The installation of the ADM module was in part to try and track down the issue and a good thing to have to actually monitor the battery systems anyway. Blair wrote some python code to talk 'Modbus' to the ADM module runing on a Raspberry Pi 4B and modified the ADM module from current mode to voltage mode. Some bench testing with a Fluke voltage calibrator was done to calibrate each channel, the voltage resolution is 1mV and probably accurate to ±10mV, depending on the ambient temperature in the container. Perfect (overkill?) for our needs. Initially, the data acquisition module ran at 1 sample every minute, and managed to capture a 16.8 volt spike on the output of the Powertech unit.
Progress! It seems that the Powertech unit might not be ideal for our usage after all and perhaps the reason that two industrial PCs died in use within the container. The python code was changed to run at 1 sample per second for a few hours each morning (it could run that way 24 hours a day), but it generates a few Mb each day and storage might become an issue. We captured several voltage spikes during the next month and they seem to be related to when the Powertech unit was in 'bulk charge' phase (early in the morning) and when there were clouds passing the site. We suspect the averaging loop for the MPPT cycle in boost mode is done over a too long a period and when the Sun pops out from behind a cloud, the charger takes too long to respond and hence, we get the voltage spikes, they only last for a few seconds, but that's enough to mess with some of the data. So, armed with data, we decided to replace the Powertech unit with another Victron MPPT 75|15.
Now we can sit at home, log into the site and see what is happening in real time and be able to graph it over long periods using TSoft, a software package normally used in our some of our seismic activities.
The additional panels not only provide more power but some welcome shade to the container. The Phase 3 Spectrometer enclosure is visible under the lower panels.
At some stage we will get around to installing some cable trays
Tabulated battery voltages taken every minute by Blair's logger.
This 24 hour plot of all three battery voltages is generated in TSoft from the three active channels from Blair's logger.
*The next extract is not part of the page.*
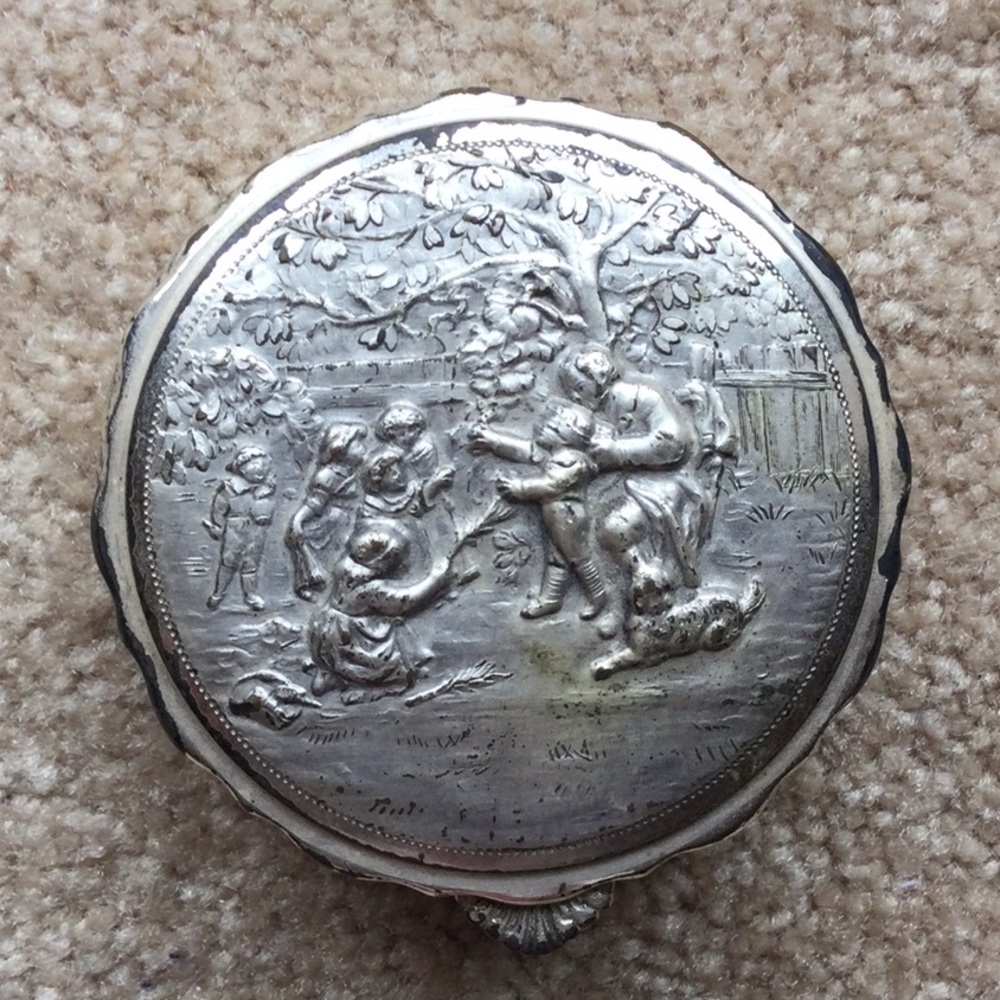 Vintage Metal Rosary Case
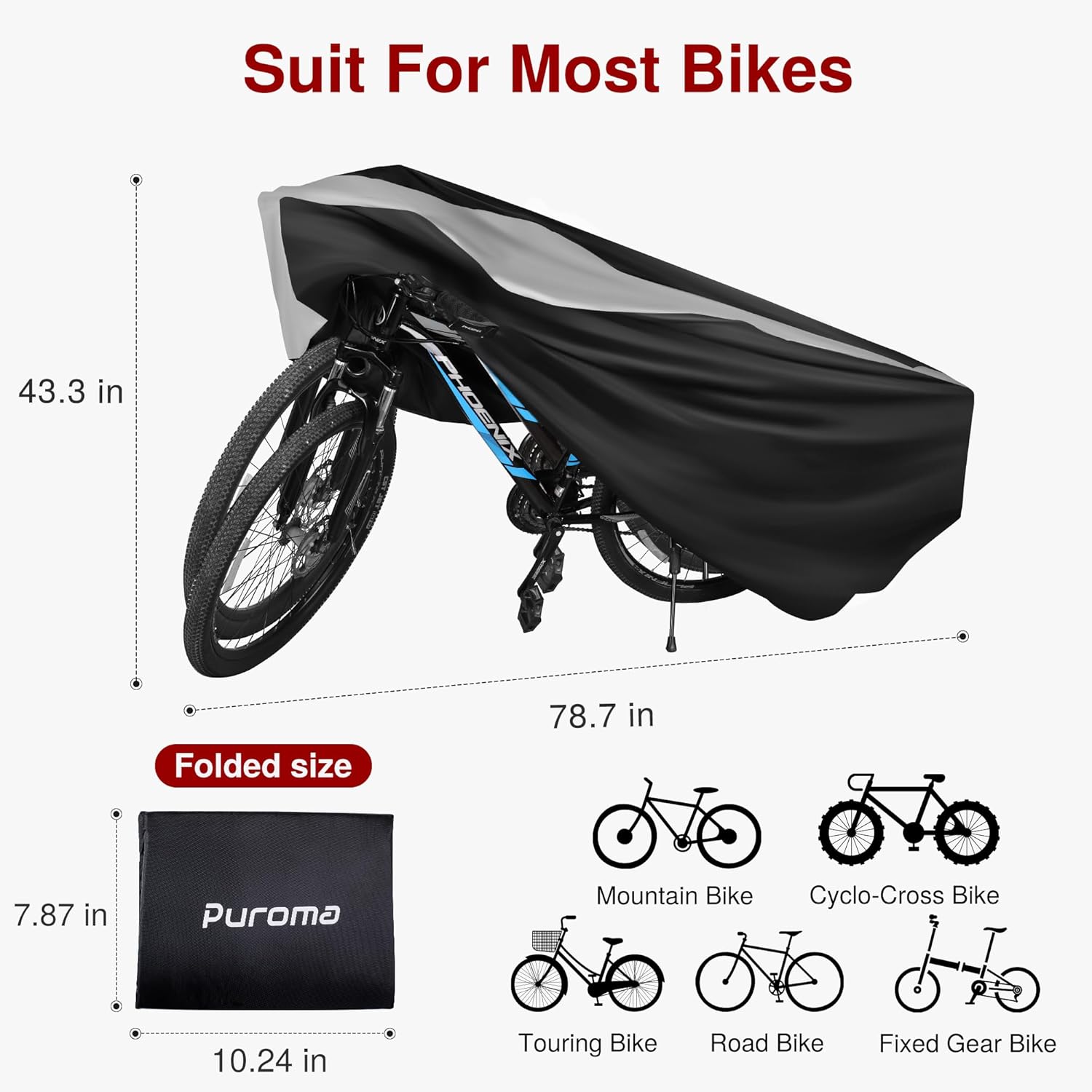 Puroma Bike Cover - Waterproof Outdoor Storage for 1-3 Bikes | UV & Dust Protection with Lock Hole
This plot begins at 00:00UT, the three Victron 75|15 controllers are close to completing their 'bulk charge' mode. 'Absorption charge' mode commences and lasts until 08:00UT (dusk) and then they change to 'float mode'. Float ends around 21:30UT (daybreak) and 'bulk charge' begins to recharge the batteries again.
Keen observers will have noted the voltage bump in the Tower (V) plot beginning at 10:30UT and finishing at 18:30UT. This characteristic is the result of the autonomous GPS Switch shutting down the two Callisto Receivers, two LNAs & Up-Converter Local Oscillator located in the Spacecase mounted on the Tower. This saves a considerable amount of power from being wasted overnight.